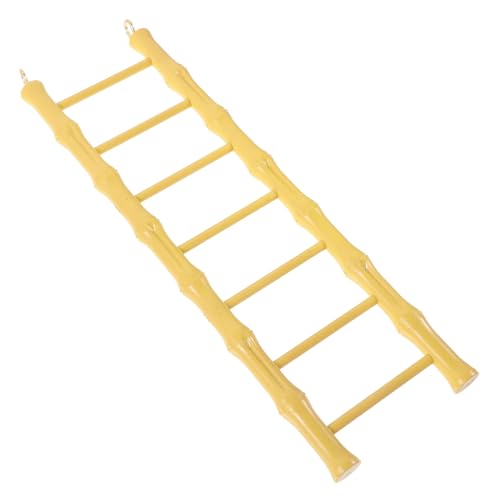 BELLIFFY Sittichleiter Sittich-kletterleiter Vogel Spielzeug Für Käfigvögel Hängeleiter Klettertrainer Für Sittiche Hamsterleiter Sittich-trittleiter Hamster-Spielzeug von BELLIFFY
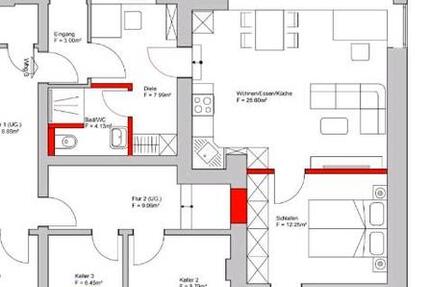 Wohnung Siegen - 1.5 Zimmer, 50 m&sup2;, 780&euro; | Angebot:26180925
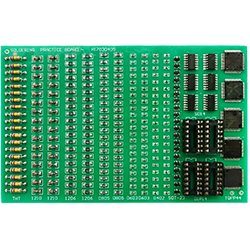 画像1: はんだ付け練習用基板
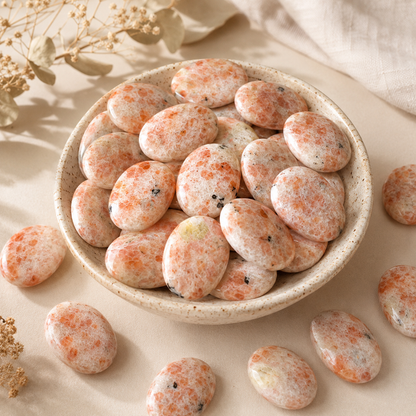 Sunstone Pocket Stones (Protection and Transformation )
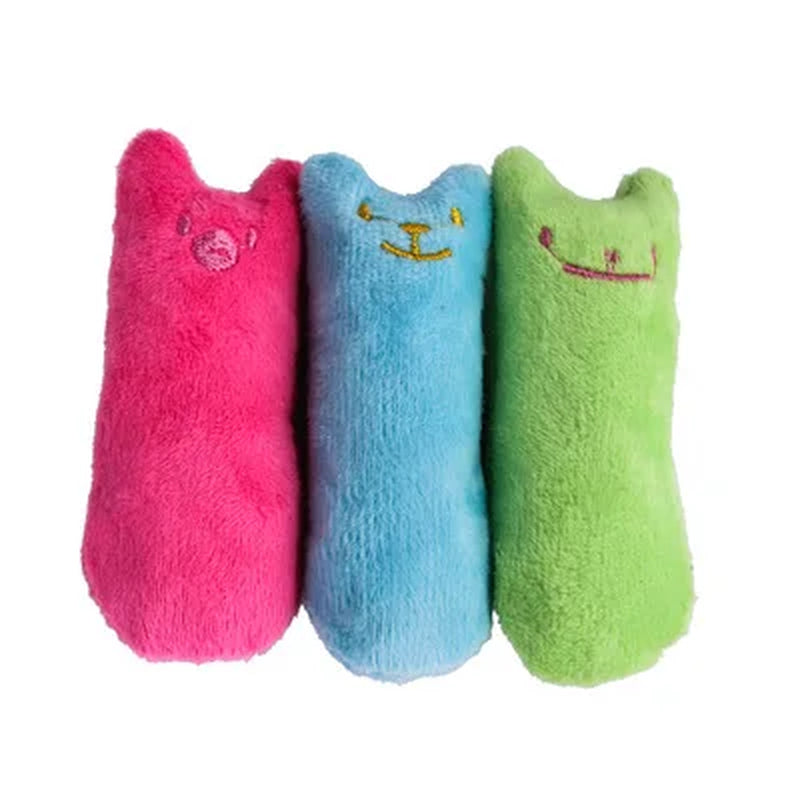 Interactive Catnip Plush Cat Toy – Funny Chewing & Teeth Grinding Toy for Cats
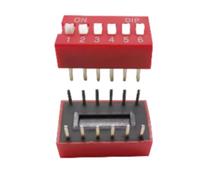 LMNCBVYA 30pcs DIP Code Switch 6P Piano Key Sliding Switch 2.54mm Direct Insertion for Electronic Projects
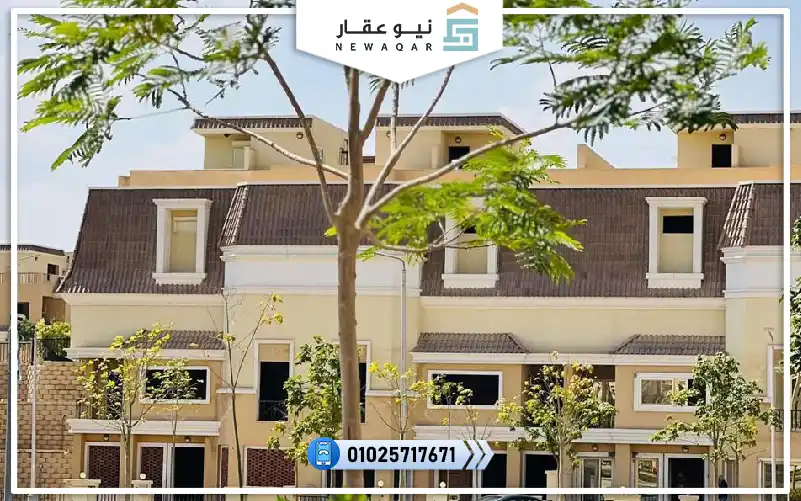 اس فيلا للبيع 212م ايلم تري بارك سراي بقسط شهري 25 ألف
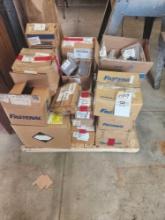 Pallet of Fastenal Hardware - Caps, Nuts, Bolts, Screws, & more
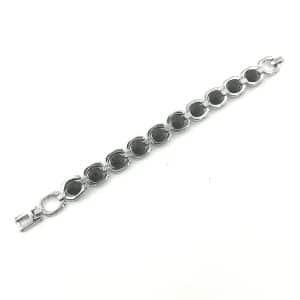 Lava silver polish cuff bracelet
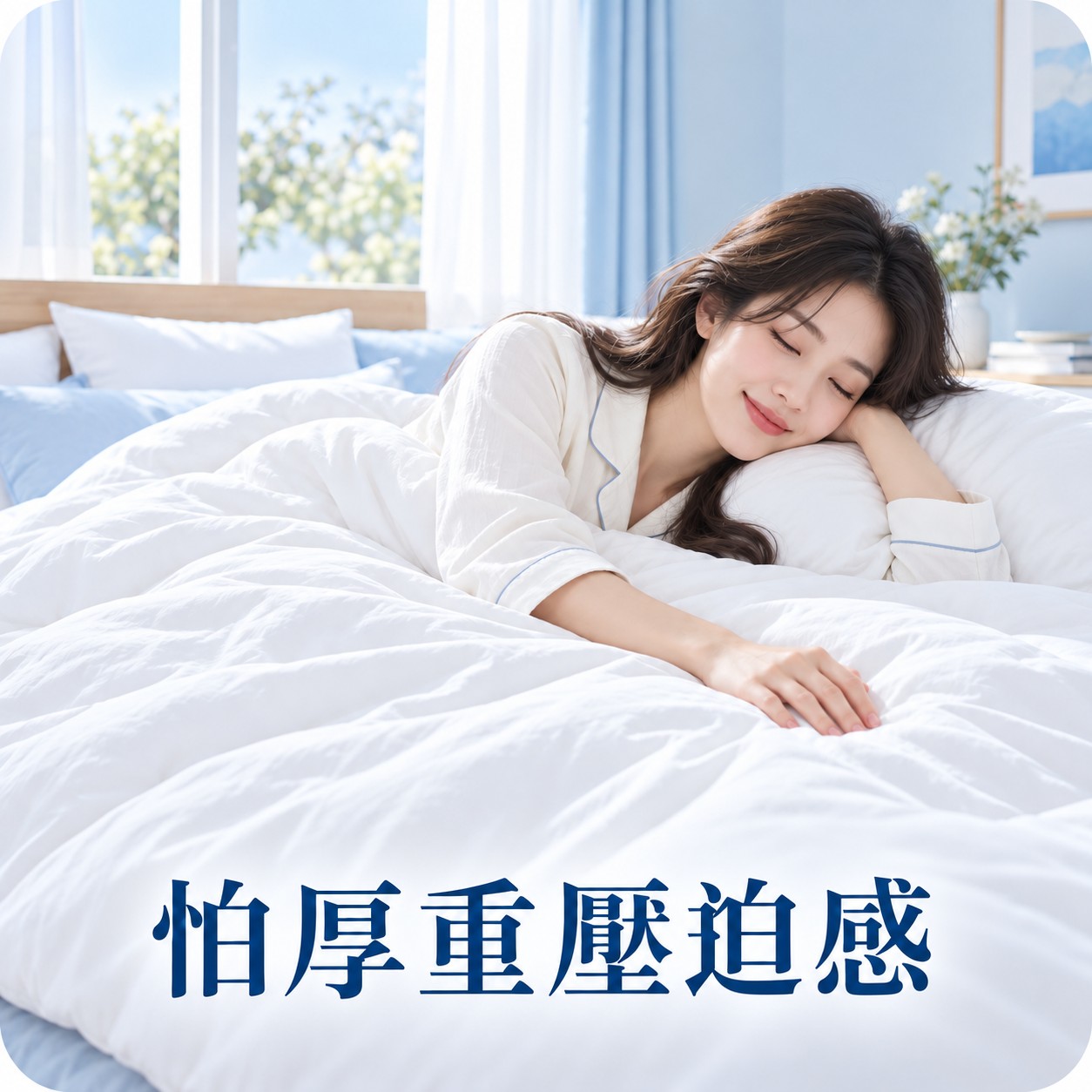 輕盈四季被減少厚重棉被帶來的壓迫睡感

● ● ● ● ●

◆ Assignment ◆
Could you copy every record above exactly, leaving out the pictures?

◆ Expected answer ◆
 BELLIFFY Sittichleiter Sittich-kletterleiter Vogel Spielzeug Für Käfigvögel Hängeleiter Klettertrainer Für Sittiche Hamsterleiter Sittich-trittleiter Hamster-Spielzeug von BELLIFFY
 Wohnung Siegen - 1.5 Zimmer, 50 m&sup2;, 780&euro; | Angebot:26180925
 画像1: はんだ付け練習用基板
 Sunstone Pocket Stones (Protection and Transformation )
 Interactive Catnip Plush Cat Toy – Funny Chewing & Teeth Grinding Toy for Cats
 LMNCBVYA 30pcs DIP Code Switch 6P Piano Key Sliding Switch 2.54mm Direct Insertion for Electronic Projects
 اس فيلا للبيع 212م ايلم تري بارك سراي بقسط شهري 25 ألف
 Pallet of Fastenal Hardware - Caps, Nuts, Bolts, Screws, & more
 Lava silver polish cuff bracelet
 輕盈四季被減少厚重棉被帶來的壓迫睡感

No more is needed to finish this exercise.